■ EXERCISE OBJECTIVE
Give the listing again exactly, omitting its images.

-*-

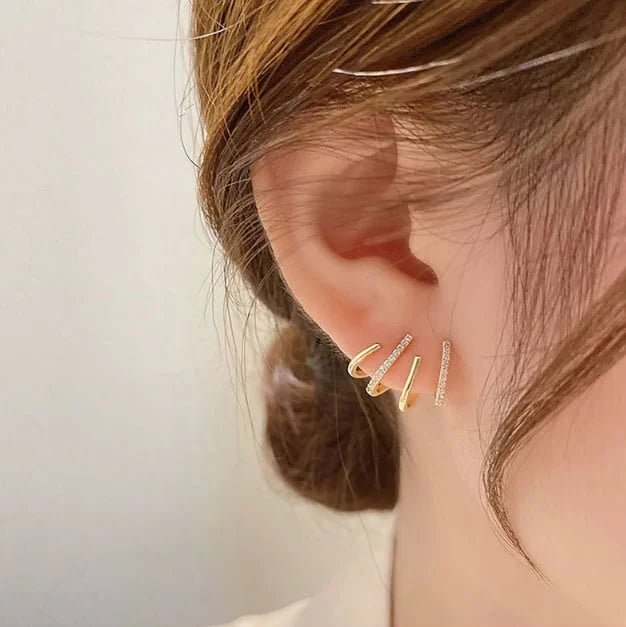 Modische glänzende Katzenkrallen-Ohrringe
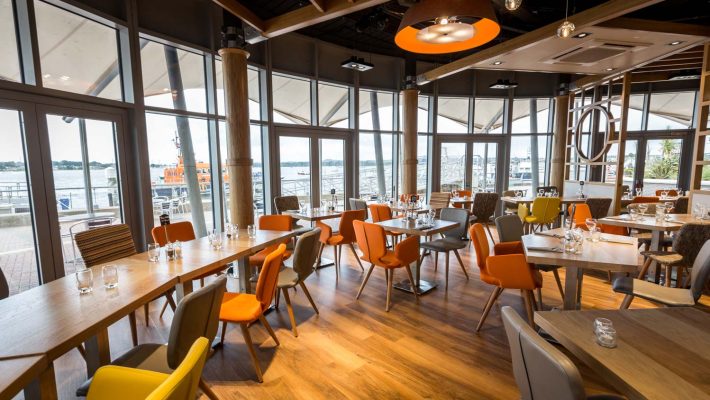 Modern waterfront restaurant interior with wooden flooring and colourful chairs, offering a view of the harbour
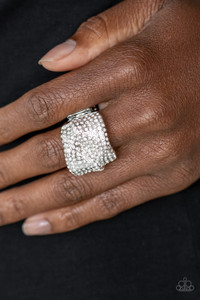 Encrusted in row after row of glassy white rhinestones, warped silver bands coalesce into a single sparkling frame across the finger for an edgy look. Features a stretchy band for a flexible fit.
Sold as one individual ring. Encrusted in row after row of glassy white rhinestones, warped silver bands coalesce into a single sparkling frame across the finger for an edgy look. Features a stretchy band for a flexible fit.
Sold as one individual ring.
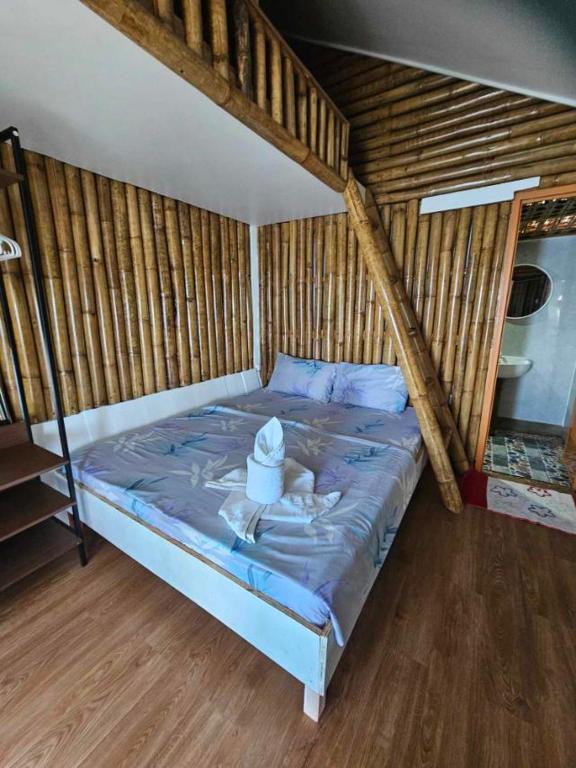 Postel nebo postele na pokoji v ubytování Tambayan Rooms and Cottages by SMS Hospitality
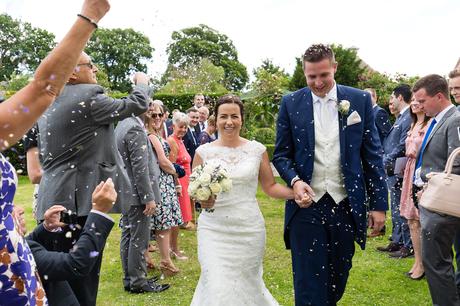Bride and groom walk through confetti at Bell Hall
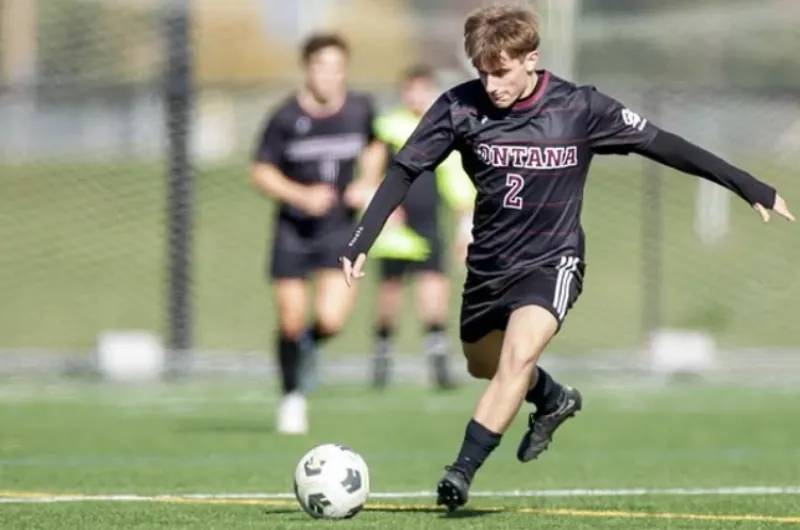 Griz Men's Soccer player kicking ball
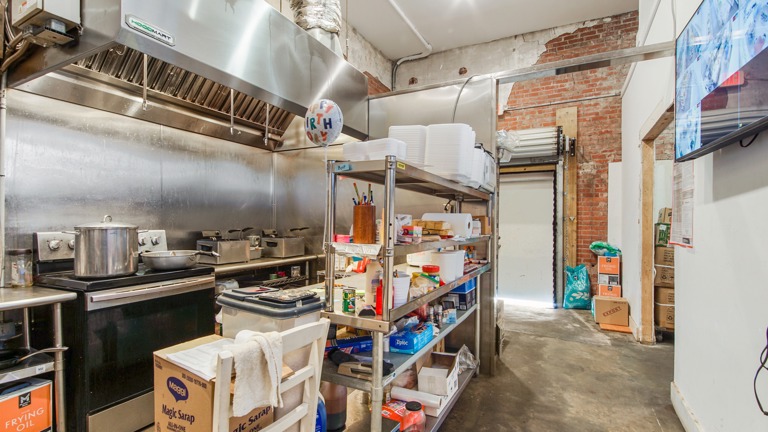 Partial view of kitchen where food is prepared.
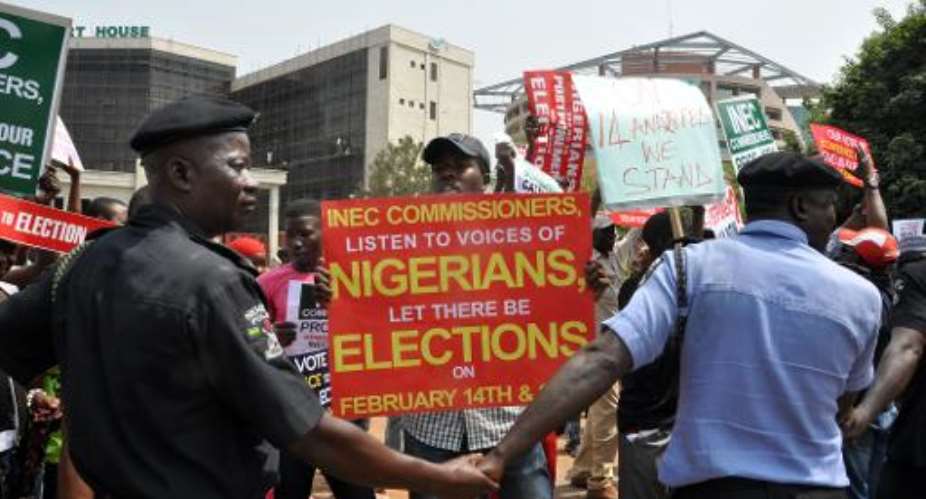 Police officers holds hands to block people holding sign protesting as chairman of the Independent National Electoral Commission  announced that Nigeria has postponed its presidential election.  By  AFPFile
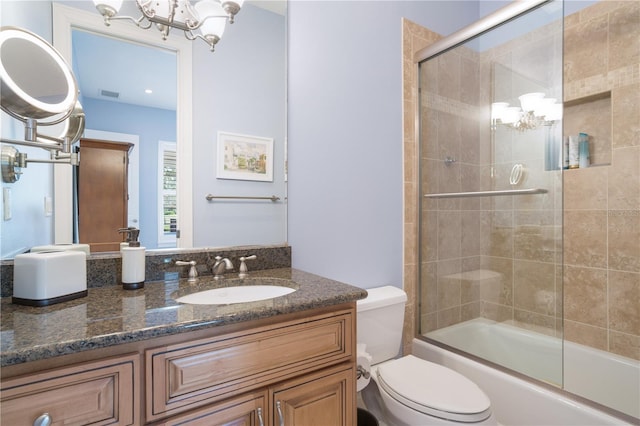 full bathroom with combined bath / shower with glass door, toilet, and vanity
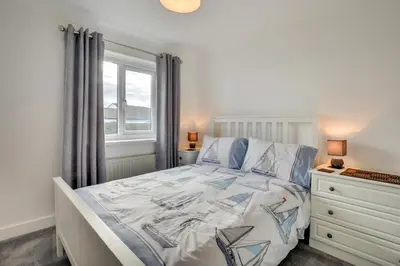 a bedroom with a bed and a window and a dresser at 4 Bed in Padstow oc-p00184 in Padstow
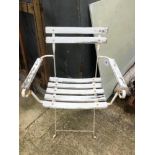 A FOLDING PATIO ARMCHAIR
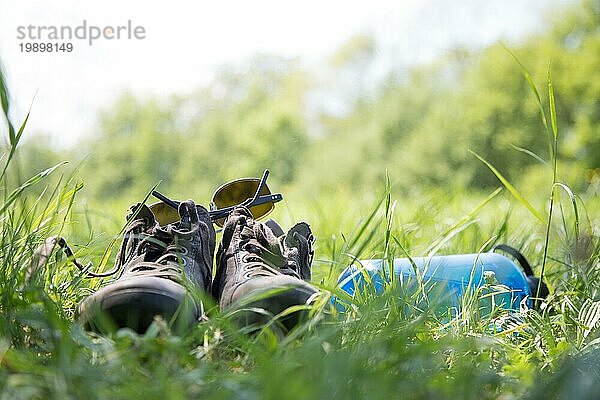 Schuhe und eine Flasche Wasser auf der grünen Wiese. Freie Zeit im Sommer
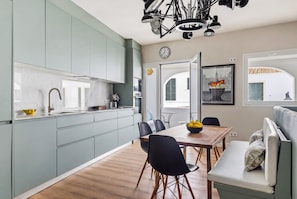 Eine moderne Küche mit hellblauen Schränken, einem Holztisch und einer Couch.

-*-

■ RESULT BELOW
 Modische glänzende Katzenkrallen-Ohrringe
 Modern waterfront restaurant interior with wooden flooring and colourful chairs, offering a view of the harbour
 Encrusted in row after row of glassy white rhinestones, warped silver bands coalesce into a single sparkling frame across the finger for an edgy look. Features a stretchy band for a flexible fit.
Sold as one individual ring. Encrusted in row after row of glassy white rhinestones, warped silver bands coalesce into a single sparkling frame across the finger for an edgy look. Features a stretchy band for a flexible fit.
Sold as one individual ring.
 Postel nebo postele na pokoji v ubytování Tambayan Rooms and Cottages by SMS Hospitality
Bride and groom walk through confetti at Bell Hall
 Griz Men's Soccer player kicking ball
 Partial view of kitchen where food is prepared.
 Police officers holds hands to block people holding sign protesting as chairman of the Independent National Electoral Commission  announced that Nigeria has postponed its presidential election.  By  AFPFile
 full bathroom with combined bath / shower with glass door, toilet, and vanity
 a bedroom with a bed and a window and a dresser at 4 Bed in Padstow oc-p00184 in Padstow
 A FOLDING PATIO ARMCHAIR
 Schuhe und eine Flasche Wasser auf der grünen Wiese. Freie Zeit im Sommer
 Eine moderne Küche mit hellblauen Schränken, einem Holztisch und einer Couch.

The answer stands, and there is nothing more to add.